29 Dec 2016 - 7 minute read

TAO is a very important part of the infrastructure at Facebook. This is my attempt at summarizing the TAO paper, and the blog post, and the talk by Nathan Bronson. I am purely referring to public domain materials for this post.

Motivation

Memcache was being used as a cache for serving the FB graph, which is persisted on MySQL. Using Memcache along with MySQL as a look-aside/write-through cache makes it complicated for Product Engineers to write code modifying the graph while taking care of consistency, retries, etc. There has to be glue code to unify this, which can be buggy.

A new abstraction of Objects & Associations was created, which allowed expressing a lot of actions on FB as objects and their associations. Initially there seems to have been a PHP layer which deprecated direct access to MySQL for operations which fit this abstraction, while continuing to use Memcache and MySQL underneath the covers.

This PHP layer for the above model is not ideal, since:

1. Incremental Updates: For one-to-many associations, such as the association between a page and it’s fans on FB, any incremental update to the fan list, would invalidate the entire list in the cache.

2. Distributed Control Logic: Control logic resides in fat clients. Which is always problematic.

3. Expensive Read After Write Consistency: Unclear to me.

TAO

TAO is a write-through cache backed by MySQL.

TAO objects have a type ($otype$), along with a 64-bit globally unique id. Associations have a type ($atype$), and a creation timestamp. Two objects can have only one association of the same type. As an example, users can be Objects and their friendship can be represented as an association. TAO also provides the option to add inverse-assocs, when adding an assoc.

API

The TAO API is simple by design.

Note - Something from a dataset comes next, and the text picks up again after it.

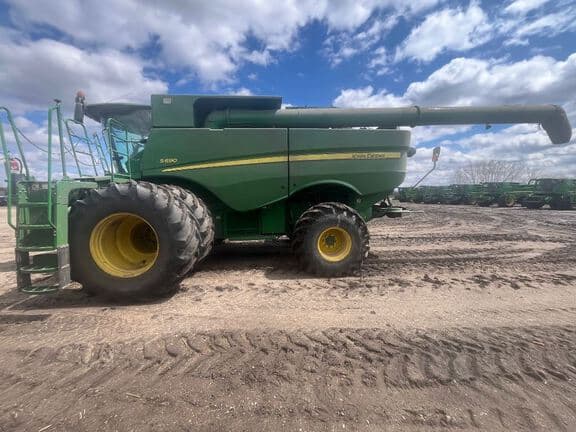 Image of John Deere S690 equipment image 1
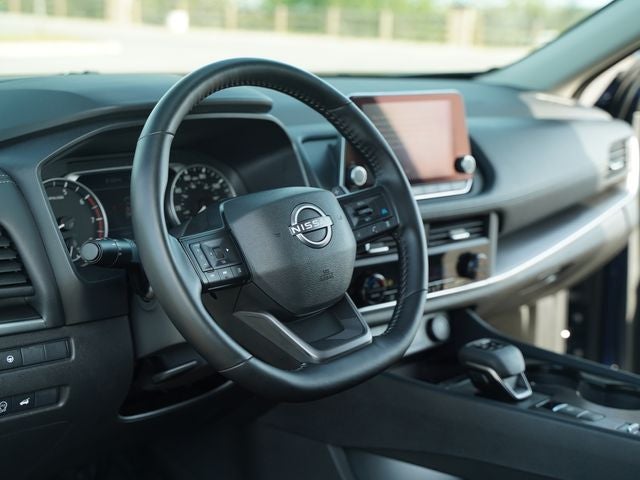 2025 Nissan Rogue SV FWD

Most are intuitive to understand.

• assoc_add(id1, atype, id2, time, (k→v)*): Add an association of type atype from id1 to id2.
• assoc_delete(id1, atype, id2): Delete the association of type atype from id1 to id2.
• assoc_get(id1, atype, id2set, high?, low?): Returns assocs of atype between id1 and members of id2set, and creation time lies between $[high, low]$.
• assoc_count(id1, atype): Number of assocs from id1 of type atype.
• And a few others, refer to the paper.

As per the paper:

TAO enforces a per-atype upper bound (typically 6,000) on the actual limit used for an association query.

This is also probably why the maximum number of friends you can have on FB is 5000.

Architecture

There are two important factors in the TAO architecture design:

1. On FB the aggregate consumption of content (reads), is far more than the aggregate content creation (writes).
2. The TAO API is such that, to generate a newsfeed story (for example), the web-server will need to do the dependency resolution on its own, and hence will require multiple round-trips to the TAO backend. This further amplifies reads as compared to writes, bringing the read-write ratio to 500:1, as mentioned in Nathan’s talk.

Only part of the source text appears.